Dear Steve.  I am so very sorry – I can’t stop crying reading your email, and thinking of Loki.  It’s just way too difficult to deal with,  too painful to live with. I wish I could find better words to make you feel better.  But I will be morning with you, Steve.  Please know though, Loki’s soul is still there, right besides you. 

 

-----Original Message-----
From: [EMAIL PROTECTED] [mailto:[EMAIL PROTECTED] On Behalf Of Steve Williams
Sent: Thursday, March 31, 2005 1:52 PM
To: felvtalk@felineleukemia.org
Subject: Loki is at rest

 

My last little love is gone.  I had to put him to sleep late yesterday.

 

For the past two weeks, my every waking moment and thought has been for and about Loki.
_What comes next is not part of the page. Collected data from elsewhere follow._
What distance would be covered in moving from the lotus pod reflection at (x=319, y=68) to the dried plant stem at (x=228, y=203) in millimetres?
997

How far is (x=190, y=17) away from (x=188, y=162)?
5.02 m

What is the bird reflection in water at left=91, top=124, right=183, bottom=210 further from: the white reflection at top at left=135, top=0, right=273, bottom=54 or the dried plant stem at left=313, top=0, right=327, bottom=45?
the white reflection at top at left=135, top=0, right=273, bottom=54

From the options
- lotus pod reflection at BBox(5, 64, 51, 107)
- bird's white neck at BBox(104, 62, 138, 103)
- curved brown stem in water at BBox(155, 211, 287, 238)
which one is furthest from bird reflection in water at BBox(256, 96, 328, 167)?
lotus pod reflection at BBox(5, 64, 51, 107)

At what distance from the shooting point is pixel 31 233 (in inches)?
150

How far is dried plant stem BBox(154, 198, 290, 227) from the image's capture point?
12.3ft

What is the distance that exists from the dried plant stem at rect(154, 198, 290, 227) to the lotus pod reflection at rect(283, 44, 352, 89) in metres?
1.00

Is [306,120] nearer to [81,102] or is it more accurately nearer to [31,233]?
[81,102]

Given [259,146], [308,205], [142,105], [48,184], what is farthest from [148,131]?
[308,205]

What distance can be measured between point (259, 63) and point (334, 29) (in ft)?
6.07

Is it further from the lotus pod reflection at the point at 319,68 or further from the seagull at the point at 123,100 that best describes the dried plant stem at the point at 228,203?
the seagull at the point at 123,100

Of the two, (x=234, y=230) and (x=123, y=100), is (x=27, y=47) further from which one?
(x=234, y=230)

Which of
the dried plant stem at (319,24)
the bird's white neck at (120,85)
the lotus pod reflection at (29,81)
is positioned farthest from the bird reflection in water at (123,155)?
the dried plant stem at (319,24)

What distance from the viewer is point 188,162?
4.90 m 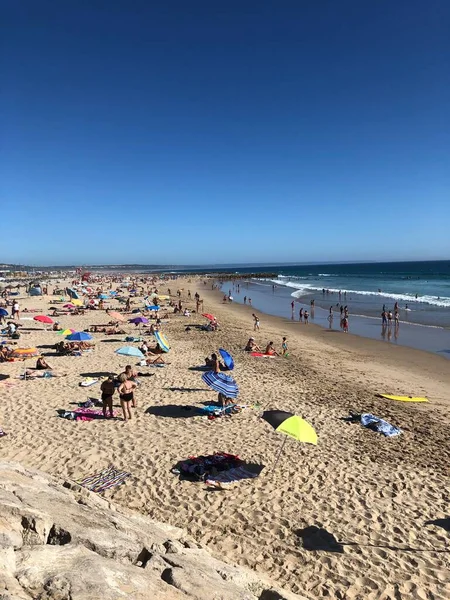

I did put him on Prednisone a week ago and it initial seemed to help, but very quickly it was as before.  I then called the vet and we doubled his dosage.  Once again, it initially seemed to help--though he seemed "drugged" this time--then quickly faded to his former uncomfortable state.  At no time, did the Pred noticeably shrink the large tumor impeding his little lungs.

 

I had been letting him outside to wander in the tall spring grass (weeds) all around the house.  He loved it and it was a great distraction and wonderful sensory stimulation for him.  If Loki did not have these wonderful days, I may have PTS sooner, as the nights were uncomfortable for him--he could no longer lay on his side and his lungs were pumping hard all the time.

 

Yesterday, too many changes took place: He was not enjoying the out-of-doors like he had been, I did not see him drink water or eat his dry food, he didn't want to bend down to eat his chicken baby food treat (had to hold it up for him), and for the first time, he had a slightly open mouth.  At most other times during the day, he was lying or sitting with labored breathing and looking very tired.  I felt it was the right time to stop subjecting Loki's system to new measures, so I made the agonizing decision.

 

My 10 month, 10 day old Loki went peacefully and quickly and is now buried next to his sister under "their" oak tree.

 

My beautiful brown/dark gray tiger kitty had a special personality, quite different, but just as wonderful as his orange tabby sister Leeloo.  Both were chosen from the litter my sister and nieces were raising because their stars seemed to burn very bright.  These kittens--the smallest of the litter--had unusually beautiful little souls.  Loki also had a smell, as his sister did; not the perfume my girl kitty Leeloo had, but the smoky earthy scent of a boy kitty.  Perhaps like air smells during the first rain on dry soil.  One could say his scent tended a tiny bit toward chocolate and even cinnamon, like one lister noticed of her boy kitty.  I will miss him jumping up to lay at the back of my neck and bending around to rub his face against mine, purring all the while; coming to lay on his pillow at the side of my computer to be near me; and turning over to rub his back on the floor and to get his belly rubbed.

 

I will be morning his loss for a long time... I can't see a time when I will stop.  I know my pain will ease eventually and I know there will soon be a time that I will no longer be exhausted from crying.  I loved my little Loki like there was no tomorrow.